What you give back from the listing below should be an exact copy of the lines from the one with "Qui se souvient" down to the one with "电脑排线损坏怎么办？一文详解排线故障解决办法及维修技巧", and it should contain no pictures.

RECORDS SUPPLIED:
[Start of section]

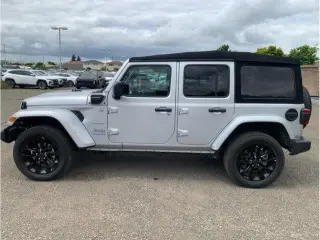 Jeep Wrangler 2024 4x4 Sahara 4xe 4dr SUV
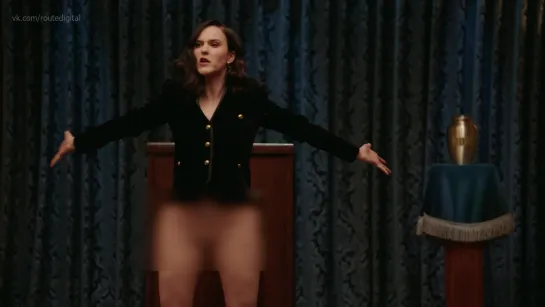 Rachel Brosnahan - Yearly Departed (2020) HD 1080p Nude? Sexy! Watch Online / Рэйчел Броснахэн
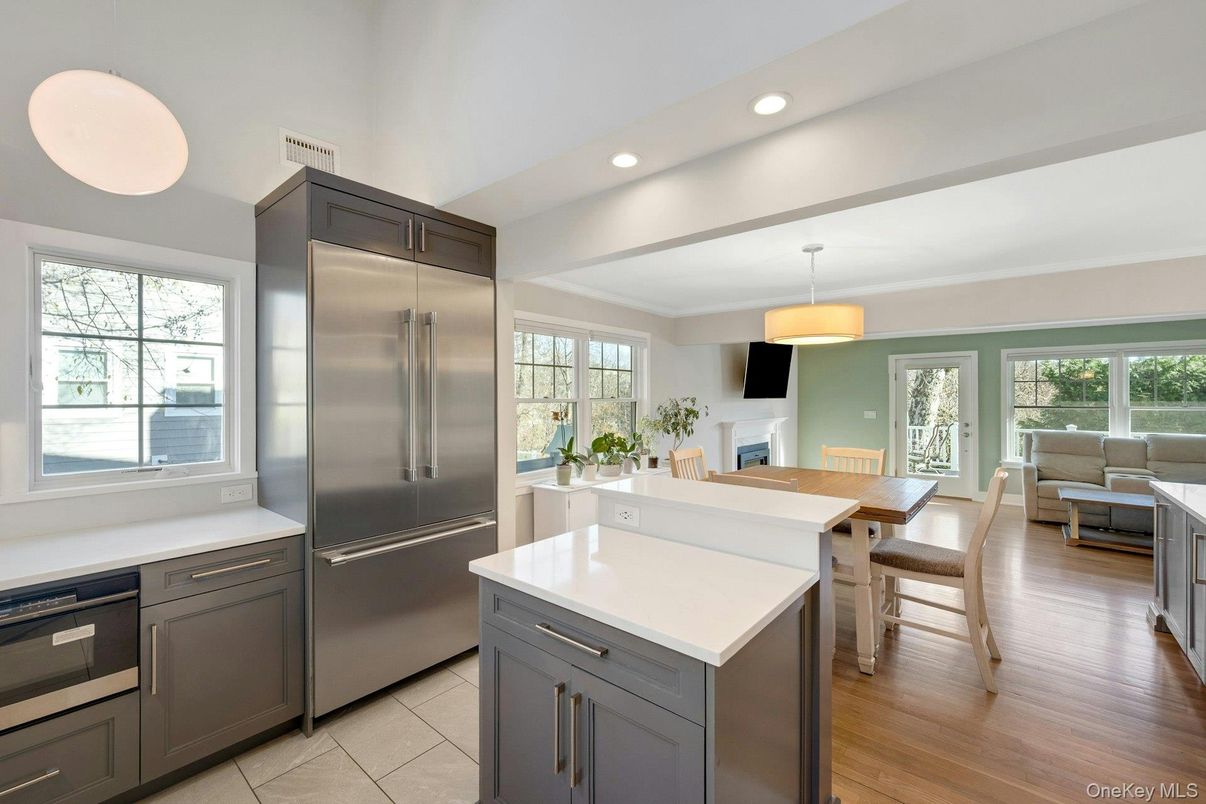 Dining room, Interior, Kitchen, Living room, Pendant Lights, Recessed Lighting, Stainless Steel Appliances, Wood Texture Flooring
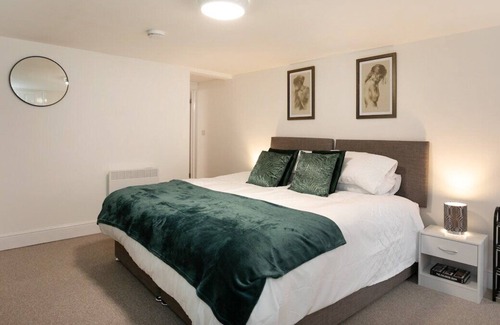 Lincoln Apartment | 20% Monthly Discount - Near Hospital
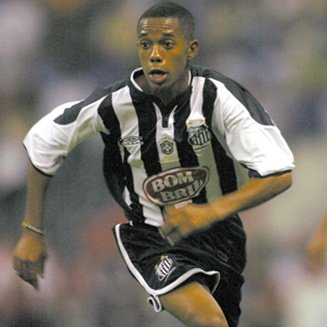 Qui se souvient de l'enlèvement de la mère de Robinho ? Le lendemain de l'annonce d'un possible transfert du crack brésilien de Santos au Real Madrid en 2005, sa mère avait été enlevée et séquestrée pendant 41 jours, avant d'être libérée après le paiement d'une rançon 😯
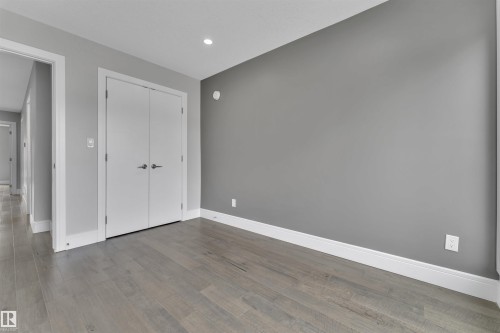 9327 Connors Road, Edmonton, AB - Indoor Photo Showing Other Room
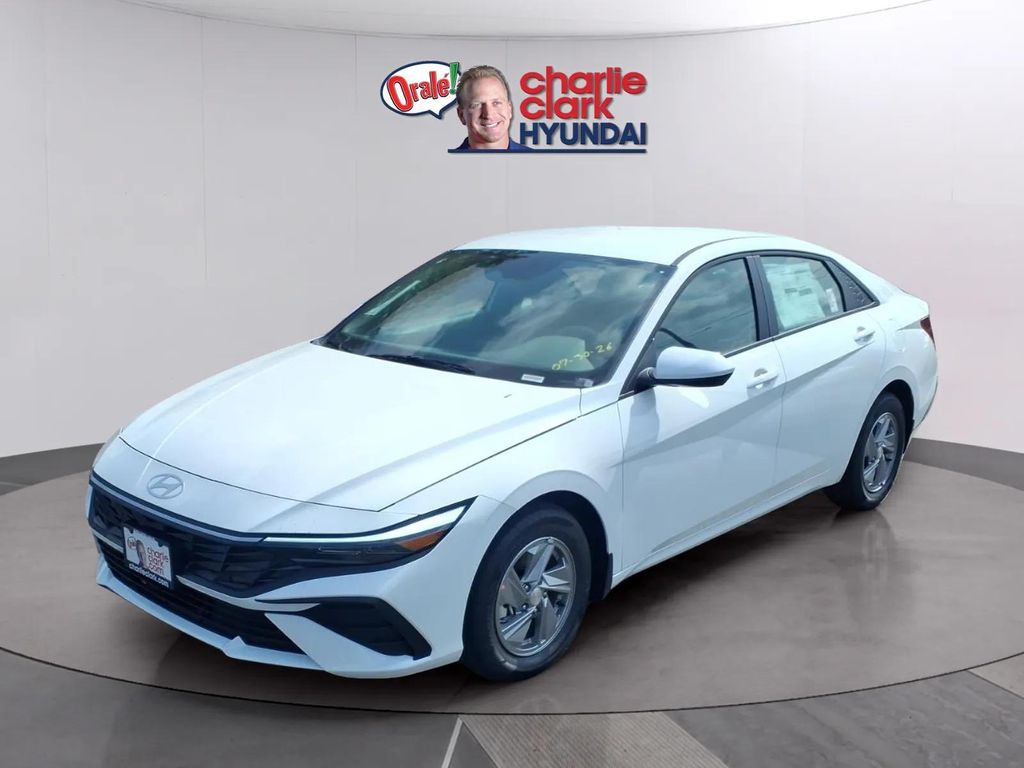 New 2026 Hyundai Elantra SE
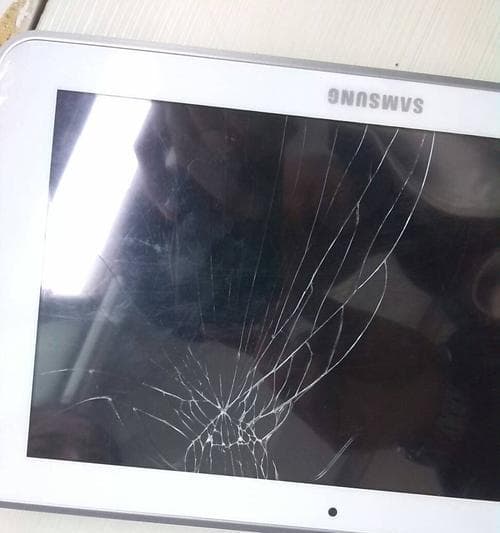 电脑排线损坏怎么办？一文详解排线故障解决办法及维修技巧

[End of section]
[Start of section]

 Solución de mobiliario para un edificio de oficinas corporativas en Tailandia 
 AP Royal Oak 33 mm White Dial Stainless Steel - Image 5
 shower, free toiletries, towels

[End of section]
[Start of section]

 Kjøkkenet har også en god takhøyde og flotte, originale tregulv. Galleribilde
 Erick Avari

[End of section]

SOLVED PROBLEM:
 Qui se souvient de l'enlèvement de la mère de Robinho ? Le lendemain de l'annonce d'un possible transfert du crack brésilien de Santos au Real Madrid en 2005, sa mère avait été enlevée et séquestrée pendant 41 jours, avant d'être libérée après le paiement d'une rançon 😯
 9327 Connors Road, Edmonton, AB - Indoor Photo Showing Other Room
 New 2026 Hyundai Elantra SE
 电脑排线损坏怎么办？一文详解排线故障解决办法及维修技巧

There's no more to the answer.